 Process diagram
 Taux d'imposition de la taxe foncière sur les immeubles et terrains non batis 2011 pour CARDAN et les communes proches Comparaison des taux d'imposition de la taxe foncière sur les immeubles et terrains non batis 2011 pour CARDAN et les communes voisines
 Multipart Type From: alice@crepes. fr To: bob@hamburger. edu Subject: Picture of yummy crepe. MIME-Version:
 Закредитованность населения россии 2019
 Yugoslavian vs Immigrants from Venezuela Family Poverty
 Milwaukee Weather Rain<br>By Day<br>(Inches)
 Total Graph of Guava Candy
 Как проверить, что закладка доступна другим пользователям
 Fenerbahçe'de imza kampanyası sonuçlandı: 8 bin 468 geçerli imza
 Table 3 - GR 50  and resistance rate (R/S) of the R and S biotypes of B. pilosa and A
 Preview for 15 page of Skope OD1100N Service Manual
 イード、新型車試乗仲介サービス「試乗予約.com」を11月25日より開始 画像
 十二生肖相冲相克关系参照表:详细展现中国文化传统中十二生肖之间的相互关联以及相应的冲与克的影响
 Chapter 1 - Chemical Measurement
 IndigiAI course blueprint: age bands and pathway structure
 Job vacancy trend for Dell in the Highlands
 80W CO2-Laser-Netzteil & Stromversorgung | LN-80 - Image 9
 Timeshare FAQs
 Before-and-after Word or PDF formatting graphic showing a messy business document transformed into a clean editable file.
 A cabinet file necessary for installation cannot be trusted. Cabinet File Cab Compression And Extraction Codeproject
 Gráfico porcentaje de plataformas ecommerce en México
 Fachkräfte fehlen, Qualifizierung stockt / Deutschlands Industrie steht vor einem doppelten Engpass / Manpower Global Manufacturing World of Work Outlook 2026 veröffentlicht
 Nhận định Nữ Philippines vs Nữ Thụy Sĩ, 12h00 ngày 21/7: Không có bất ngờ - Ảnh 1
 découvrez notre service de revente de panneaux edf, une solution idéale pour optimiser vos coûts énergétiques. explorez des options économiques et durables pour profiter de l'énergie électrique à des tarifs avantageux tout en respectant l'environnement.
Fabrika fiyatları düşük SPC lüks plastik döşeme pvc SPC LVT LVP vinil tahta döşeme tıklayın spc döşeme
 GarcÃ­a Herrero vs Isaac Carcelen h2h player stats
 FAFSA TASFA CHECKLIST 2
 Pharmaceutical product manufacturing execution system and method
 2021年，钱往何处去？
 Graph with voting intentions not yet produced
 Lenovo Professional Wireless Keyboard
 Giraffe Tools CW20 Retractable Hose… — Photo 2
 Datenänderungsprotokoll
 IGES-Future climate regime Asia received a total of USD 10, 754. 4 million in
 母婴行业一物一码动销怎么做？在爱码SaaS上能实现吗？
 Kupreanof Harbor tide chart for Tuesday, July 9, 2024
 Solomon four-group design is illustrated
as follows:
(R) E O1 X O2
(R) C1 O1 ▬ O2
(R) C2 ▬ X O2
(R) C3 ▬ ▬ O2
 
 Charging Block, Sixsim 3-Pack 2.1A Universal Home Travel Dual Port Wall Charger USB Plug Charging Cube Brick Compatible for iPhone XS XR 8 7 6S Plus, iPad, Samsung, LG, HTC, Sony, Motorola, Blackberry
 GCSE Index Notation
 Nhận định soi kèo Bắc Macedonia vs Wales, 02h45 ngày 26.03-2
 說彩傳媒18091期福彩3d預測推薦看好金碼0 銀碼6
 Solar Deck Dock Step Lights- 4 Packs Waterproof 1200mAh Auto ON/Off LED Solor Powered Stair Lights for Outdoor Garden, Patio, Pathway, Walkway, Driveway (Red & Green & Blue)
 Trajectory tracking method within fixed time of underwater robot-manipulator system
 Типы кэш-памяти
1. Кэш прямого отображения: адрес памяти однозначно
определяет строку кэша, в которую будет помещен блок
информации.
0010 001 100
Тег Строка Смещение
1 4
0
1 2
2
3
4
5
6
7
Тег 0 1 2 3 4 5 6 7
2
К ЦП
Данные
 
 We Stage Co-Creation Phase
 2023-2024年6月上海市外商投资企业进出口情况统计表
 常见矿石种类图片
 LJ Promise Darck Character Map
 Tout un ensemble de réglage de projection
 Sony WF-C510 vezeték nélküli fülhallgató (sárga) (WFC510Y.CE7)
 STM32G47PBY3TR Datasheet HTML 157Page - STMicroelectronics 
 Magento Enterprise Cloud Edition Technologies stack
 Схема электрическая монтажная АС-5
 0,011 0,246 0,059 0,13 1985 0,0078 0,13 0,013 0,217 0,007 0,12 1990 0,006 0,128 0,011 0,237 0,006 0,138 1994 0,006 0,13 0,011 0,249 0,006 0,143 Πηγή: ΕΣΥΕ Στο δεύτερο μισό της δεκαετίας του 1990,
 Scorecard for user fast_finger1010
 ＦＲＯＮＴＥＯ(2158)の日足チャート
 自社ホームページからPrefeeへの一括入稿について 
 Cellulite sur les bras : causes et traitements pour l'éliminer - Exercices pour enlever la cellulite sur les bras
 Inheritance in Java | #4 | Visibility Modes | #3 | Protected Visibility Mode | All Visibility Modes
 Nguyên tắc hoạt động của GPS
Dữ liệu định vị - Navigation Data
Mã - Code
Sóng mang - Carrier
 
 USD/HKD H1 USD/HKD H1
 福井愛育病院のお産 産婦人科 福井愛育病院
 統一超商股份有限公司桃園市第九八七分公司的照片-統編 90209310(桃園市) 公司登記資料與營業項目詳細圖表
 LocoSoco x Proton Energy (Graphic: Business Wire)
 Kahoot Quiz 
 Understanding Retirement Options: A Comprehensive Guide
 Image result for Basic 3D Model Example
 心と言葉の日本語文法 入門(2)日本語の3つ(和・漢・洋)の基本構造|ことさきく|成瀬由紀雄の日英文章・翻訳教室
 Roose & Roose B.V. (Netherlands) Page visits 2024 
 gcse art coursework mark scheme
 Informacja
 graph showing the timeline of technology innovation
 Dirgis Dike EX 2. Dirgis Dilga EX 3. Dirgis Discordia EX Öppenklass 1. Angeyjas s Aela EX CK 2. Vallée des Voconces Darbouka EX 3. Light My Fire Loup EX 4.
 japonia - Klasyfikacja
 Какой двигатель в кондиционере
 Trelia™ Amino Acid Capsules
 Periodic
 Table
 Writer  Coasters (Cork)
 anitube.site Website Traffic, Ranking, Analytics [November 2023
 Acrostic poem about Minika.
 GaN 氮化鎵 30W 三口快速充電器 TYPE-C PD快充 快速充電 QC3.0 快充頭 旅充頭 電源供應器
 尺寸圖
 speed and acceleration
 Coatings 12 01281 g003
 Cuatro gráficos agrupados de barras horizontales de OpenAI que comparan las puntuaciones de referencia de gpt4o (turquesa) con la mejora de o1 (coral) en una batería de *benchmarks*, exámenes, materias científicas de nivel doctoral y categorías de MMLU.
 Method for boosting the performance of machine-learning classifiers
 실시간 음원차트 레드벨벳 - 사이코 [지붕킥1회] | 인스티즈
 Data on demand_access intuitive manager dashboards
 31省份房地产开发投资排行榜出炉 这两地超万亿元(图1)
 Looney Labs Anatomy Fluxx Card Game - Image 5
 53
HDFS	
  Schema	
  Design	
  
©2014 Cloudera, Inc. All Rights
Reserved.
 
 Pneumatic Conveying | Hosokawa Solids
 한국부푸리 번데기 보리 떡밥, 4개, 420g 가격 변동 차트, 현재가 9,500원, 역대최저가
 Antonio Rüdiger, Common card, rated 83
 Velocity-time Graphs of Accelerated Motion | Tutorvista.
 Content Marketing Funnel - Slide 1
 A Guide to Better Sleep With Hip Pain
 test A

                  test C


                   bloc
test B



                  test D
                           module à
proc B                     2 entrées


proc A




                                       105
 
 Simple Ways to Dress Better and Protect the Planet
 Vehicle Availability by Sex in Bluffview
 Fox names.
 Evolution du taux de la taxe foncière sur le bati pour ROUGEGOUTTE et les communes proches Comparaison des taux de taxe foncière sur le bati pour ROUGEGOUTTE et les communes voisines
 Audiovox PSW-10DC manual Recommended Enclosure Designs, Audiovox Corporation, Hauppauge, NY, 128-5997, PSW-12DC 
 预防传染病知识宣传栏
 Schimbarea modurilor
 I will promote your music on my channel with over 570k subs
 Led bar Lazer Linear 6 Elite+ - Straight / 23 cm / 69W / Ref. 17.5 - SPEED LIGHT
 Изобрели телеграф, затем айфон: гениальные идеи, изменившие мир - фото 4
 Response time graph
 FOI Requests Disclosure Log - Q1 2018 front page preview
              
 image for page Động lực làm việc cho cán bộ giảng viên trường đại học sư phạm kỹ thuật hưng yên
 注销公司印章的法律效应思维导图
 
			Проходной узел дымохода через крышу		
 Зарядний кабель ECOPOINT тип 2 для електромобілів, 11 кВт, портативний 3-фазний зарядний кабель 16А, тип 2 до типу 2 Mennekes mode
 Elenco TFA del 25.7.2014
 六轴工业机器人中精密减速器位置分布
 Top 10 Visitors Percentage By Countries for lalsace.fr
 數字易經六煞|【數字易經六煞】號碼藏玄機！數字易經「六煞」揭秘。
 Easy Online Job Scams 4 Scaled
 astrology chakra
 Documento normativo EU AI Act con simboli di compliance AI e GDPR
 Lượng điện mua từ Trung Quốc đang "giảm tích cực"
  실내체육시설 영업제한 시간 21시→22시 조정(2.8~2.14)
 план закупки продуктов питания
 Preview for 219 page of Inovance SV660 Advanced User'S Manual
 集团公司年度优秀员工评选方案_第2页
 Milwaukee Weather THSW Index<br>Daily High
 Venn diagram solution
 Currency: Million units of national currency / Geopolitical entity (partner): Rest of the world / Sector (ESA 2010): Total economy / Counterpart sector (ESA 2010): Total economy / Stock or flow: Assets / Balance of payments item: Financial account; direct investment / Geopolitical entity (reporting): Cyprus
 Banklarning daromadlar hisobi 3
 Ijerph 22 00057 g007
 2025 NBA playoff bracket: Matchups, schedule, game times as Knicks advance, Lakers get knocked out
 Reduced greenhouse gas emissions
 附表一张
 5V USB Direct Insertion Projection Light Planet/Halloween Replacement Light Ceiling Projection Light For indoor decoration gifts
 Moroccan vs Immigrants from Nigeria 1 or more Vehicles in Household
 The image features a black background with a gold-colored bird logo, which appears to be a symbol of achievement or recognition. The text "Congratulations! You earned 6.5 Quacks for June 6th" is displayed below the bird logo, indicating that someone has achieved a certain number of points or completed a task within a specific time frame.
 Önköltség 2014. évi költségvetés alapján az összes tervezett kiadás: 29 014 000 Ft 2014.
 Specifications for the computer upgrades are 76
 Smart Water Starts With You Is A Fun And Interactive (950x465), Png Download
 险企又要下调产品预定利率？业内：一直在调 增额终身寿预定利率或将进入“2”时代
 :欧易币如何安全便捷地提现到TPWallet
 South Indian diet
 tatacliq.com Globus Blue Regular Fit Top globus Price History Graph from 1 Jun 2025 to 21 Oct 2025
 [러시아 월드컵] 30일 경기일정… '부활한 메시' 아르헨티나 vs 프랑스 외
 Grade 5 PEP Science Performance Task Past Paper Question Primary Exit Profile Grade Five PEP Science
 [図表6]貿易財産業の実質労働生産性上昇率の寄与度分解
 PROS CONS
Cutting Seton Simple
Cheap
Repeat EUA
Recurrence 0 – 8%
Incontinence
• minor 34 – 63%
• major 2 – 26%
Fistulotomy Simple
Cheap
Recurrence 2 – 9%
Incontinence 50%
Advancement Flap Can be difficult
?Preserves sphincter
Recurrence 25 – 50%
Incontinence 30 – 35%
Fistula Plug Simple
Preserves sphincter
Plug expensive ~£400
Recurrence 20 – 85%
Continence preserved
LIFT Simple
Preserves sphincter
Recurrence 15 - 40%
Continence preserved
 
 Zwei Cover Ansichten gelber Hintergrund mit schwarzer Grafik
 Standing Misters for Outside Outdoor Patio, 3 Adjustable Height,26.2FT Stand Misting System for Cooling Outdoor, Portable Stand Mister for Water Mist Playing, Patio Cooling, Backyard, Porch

※

- _Task instructions_
Looking at the records above, work out how many lines hold "Outdoor" and write only that number.

- _Answer section_
2